Change in Focus at Loyola University Museum of Art
Over the past 14 years, Loyola University Museum of Art (LUMA) has become a valuable resource for our faculty, staff, and students and an important venue for student art expression, internships, and intellectual inquiry. The museum has served as an integral part of Loyola University Chicago, contributing much to the University’s academic landscape and affirming our Jesuit, Catholic traditions through art and culture.
As its spring exhibitions come to a close in June, LUMA’s scope of operations will be adjusted from its current operating model. It will remain—as it has since its inception—within the administrative services structure of the University and will not migrate into any particular school. It will no longer be open to the public for daily admission, but will function as both a special event and exhibition space for internal and external groups. It will also continue to serve classes that arrange museum visits throughout the year, supporting academic enterprise across the University through its collections, exhibitions, and educational programs.
The University will maintain its care for and display of the D’Arcy Collection of medieval, Renaissance, and Baroque art. The museum will continue to show its beloved annual Crèche exhibition and solicit both internal student and/or faculty exhibitions as well as periodic external exhibitions. Additionally, the museum will have the ability to showcase numerous other University-owned holdings, including many pieces from the Cuneo Mansion.
Loyola has begun a search for LUMA’s new curatorial leader, who will be responsible for not only caring for and leading exhibitions of the museum’s internal collections but also engaging the University with both internal—especially student-led—and external exhibitions and shaping student internship opportunities.

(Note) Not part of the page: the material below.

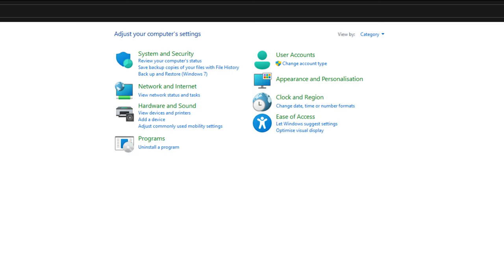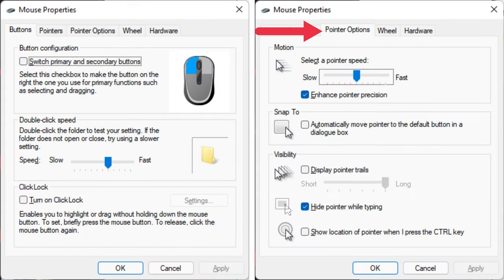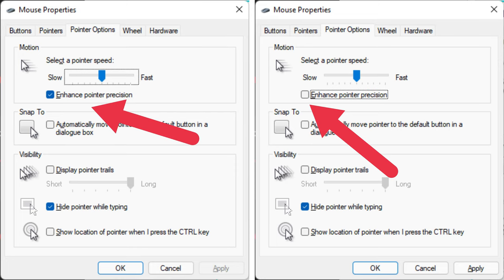Here's how to turn off mouse acceleration in Windows. Start by opening the Control Panel. Under Hardware and Sound, select View Devices and Printers. Right-click on your mouse and then select Mouse Settings. Switch to the Pointer Options tab. Under the Motion or Pointer Options sections, depending on your Windows version, ensure that Enhanced Pointer Precision isn't checked. Finally, select OK to lock in your choice.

In addition, the University has voluntarily withdrawn LUMA’s accreditation with the American Alliance of Museums, as the alliance’s rigorous requirements were a primary driver of the continued and increasing operating deficits. It will also integrate other staff members from across the University into the operations of the museum. This will allow the University to prioritize resources in support of the museum’s academic focus and use the museum space for special events while maintaining the visibility of its collections and exhibitions.